Another difference is the physical distance from the deciders, which results in most communication being technologically filtered through telephone (audio only) or email (text only) and filtered also into discreet and temporally separated snippets, losing continuity.

Of course, the appearence of difference may be partly due to my status as a part-time employee. It seems that the more one is able to remove oneself from the day-to-day routines of the office the less those routines seem to be normal. But I think this is less significant for me than it might me, inasmuch as I remember classifying much that went on in my first jobs as being delusional in quite the same sense as what I am describing here.

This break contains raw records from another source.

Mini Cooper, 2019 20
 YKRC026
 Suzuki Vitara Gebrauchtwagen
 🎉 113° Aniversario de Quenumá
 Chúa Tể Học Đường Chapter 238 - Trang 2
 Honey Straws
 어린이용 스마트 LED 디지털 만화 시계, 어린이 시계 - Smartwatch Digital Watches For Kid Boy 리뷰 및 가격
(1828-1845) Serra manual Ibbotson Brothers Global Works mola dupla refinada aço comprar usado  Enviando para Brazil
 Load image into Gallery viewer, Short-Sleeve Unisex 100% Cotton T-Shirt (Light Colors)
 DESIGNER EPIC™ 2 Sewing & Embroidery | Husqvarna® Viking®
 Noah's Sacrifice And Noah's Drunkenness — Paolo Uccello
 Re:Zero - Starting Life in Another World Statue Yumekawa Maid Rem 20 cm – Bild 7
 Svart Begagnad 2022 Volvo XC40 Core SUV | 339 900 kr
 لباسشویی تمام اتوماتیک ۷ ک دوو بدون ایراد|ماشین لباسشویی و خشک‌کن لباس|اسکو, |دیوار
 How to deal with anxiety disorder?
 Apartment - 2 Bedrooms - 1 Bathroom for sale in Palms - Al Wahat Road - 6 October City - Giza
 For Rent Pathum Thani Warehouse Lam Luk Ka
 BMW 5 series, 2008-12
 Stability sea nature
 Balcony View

What I beleive to be different is the level of engagement between the staff where I work and the people they are trying to serve. In the actual reality game engagement is always in play. Do you engage the other person, and how deeply? (My inclination is always against engaging and toward being engaged. But that's a dichotomy for another essay.) For a highly skilled player the level of engagement is strategic; for any skillful player engagement is played tactically.

Many of us engage others ad hoc and based mostly on personal relationships. (I like to talk to so-and-so, and so I do, even though she doesn't have any real stake in this particular project.) To play this way, however is to build up a virtual reality and move into it.